En revanche, ce qu’elle va proposer d’ici un mois, c’est la transparence : que tous les États communiquent les cadeaux fiscaux qu’ils accordent aux multinationales et qui ont un impact transfrontalier. Il s’agirait donc d’un échange automatique d’informations, chaque État fournissant spontanément ces renseignements.

Déclaration pays par pays

Il y a aussi l'idée d’imposer aux multinationales une déclaration, un reporting, pays par pays. En clair, chaque entreprise devrait publier pays par pays leurs activités sur place, les impôts qu’elles paient dans chacun de ces pays et les bénéfices qu’elles réalisent. Avec un grand principe dit la Commission : les bénéfices devraient être taxés là où les activités sont exercées et où les bénéfices sont réalisés.

De quoi tordre le cou aux montages fiscaux compliqués qui permettent de délocaliser certains bénéfices dans les pays où on les taxe le moins. Mais l'Organisation pour la Coopération et le Développement Économique travaille déjà à cette idée pour le moment et la Commission attend donc de voir ce que donne le débat au niveau international.

Harmonisation difficile

Depuis quatre ans, les États membres discutent d'une certaine harmonisation fiscale, non pas du taux d'imposition sur les entreprises, mais l'harmonisation de ce qui est imposé. Aujourd'hui, on ne sait même pas quel pays taxe quoi ni à quel niveau, ce qui rend le maquis fiscal européen inextricable. Tout est bloqué depuis 2011, la Commission a promis de relancer ce dossier et de faire même une nouvelle proposition.

Mais cela a très peu de chance d'aboutir et c'est bien ça le souci. Les États membres profitent tous de ces avantages fiscaux et sont moyennement emballés à l'idée d'y mettre fin. Et en matière de fiscalité au niveau européen, les décisions doivent se prendre à l'unanimité. Un seul État peut refuser et ainsi tout bloquer. Il faut bien dire que depuis des années, les dossiers fiscaux avancent très lentement précisément à cause de cette unanimité.

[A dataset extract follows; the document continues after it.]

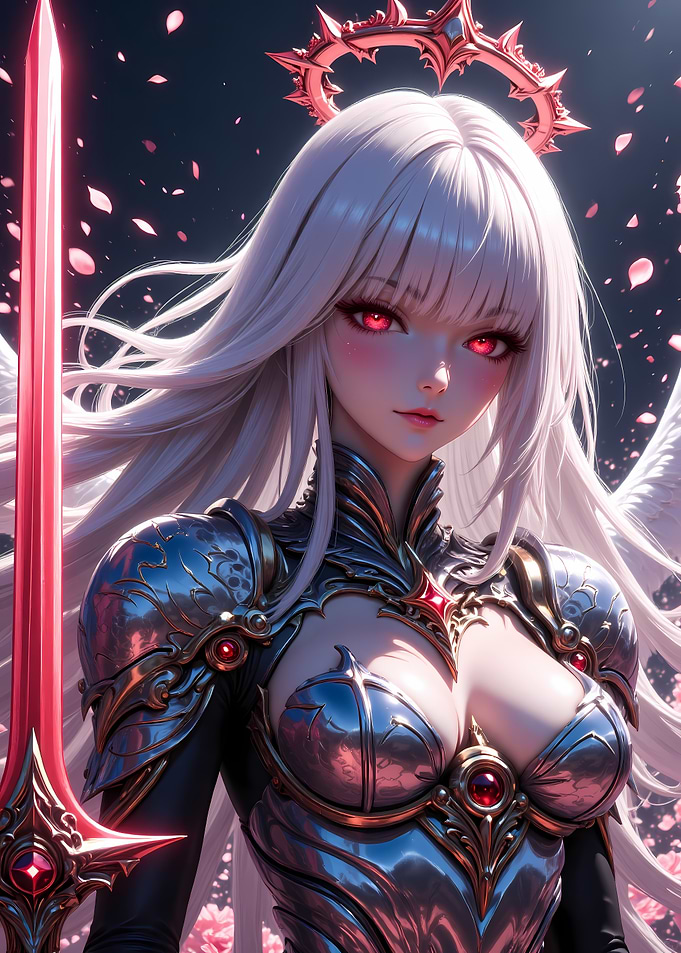 Anime Angel Warrior with Sword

Pression du Parlement européen?

Mais sur les petits arrangements fiscaux entre amis, il y a donc les propositions de la Commission et peut-être aussi la pression du Parlement européen. Les députés installeront prochainement une commission spéciale qui étudiera de très près tous ces arrangements fiscaux. Il ne s'agit pas d'une commission d'enquête à proprement parler, elle n'en n'a pas les pouvoirs, mais les partisans de cette commission spéciale ont bien l'intention d'en faire un outil de pression. A la fois sur la Commission pour qu'elle ne relâche pas ses efforts et sur les États membres pour qu'ils n'enterrent pas tout de suite ce dossier.